▶ _TASK DESCRIPTION_:
Starting at the line that contains "Masonry Services Dallas", write out each line exactly through the last one in the material below, and nothing more; omit all pictures.

▶ _SUPPLIED MATERIAL_:
======

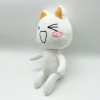 Мягкая игрушка Торо кот весёлый - Toro cat Мягкая игрушка Торо кот весёлый - Toro cat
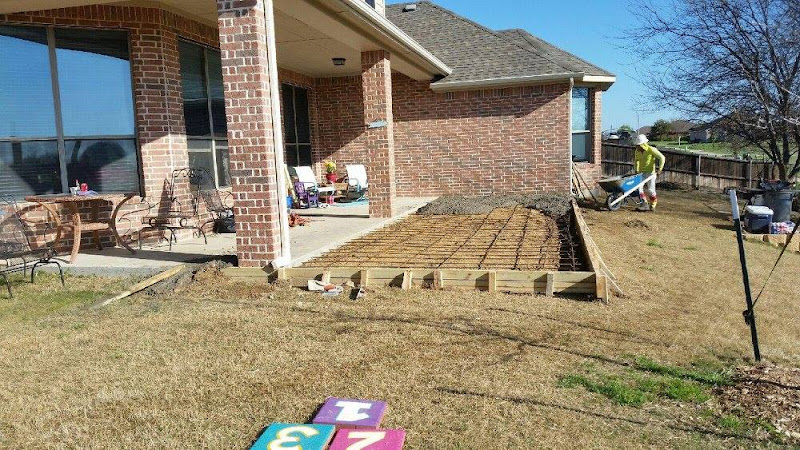 Masonry Services Dallas - Stone Masonry Contractors - Masonry Company in Dallas, TX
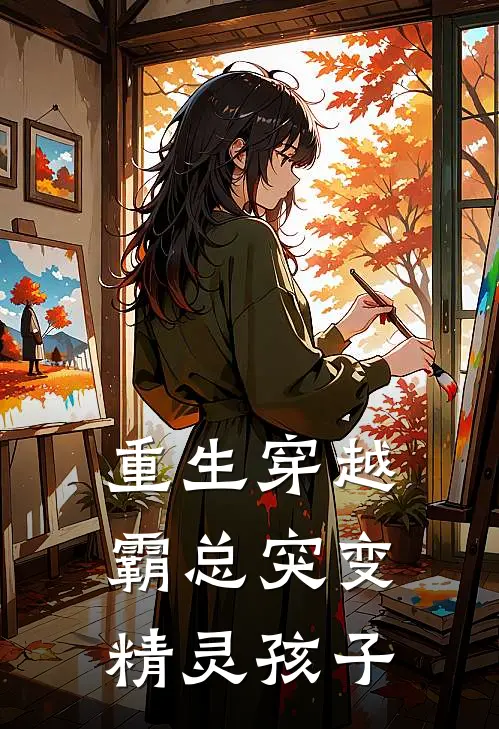 重生穿越：霸总突变精灵孩子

======

▶ _TASK OUTPUT_:
 Masonry Services Dallas - Stone Masonry Contractors - Masonry Company in Dallas, TX
 重生穿越：霸总突变精灵孩子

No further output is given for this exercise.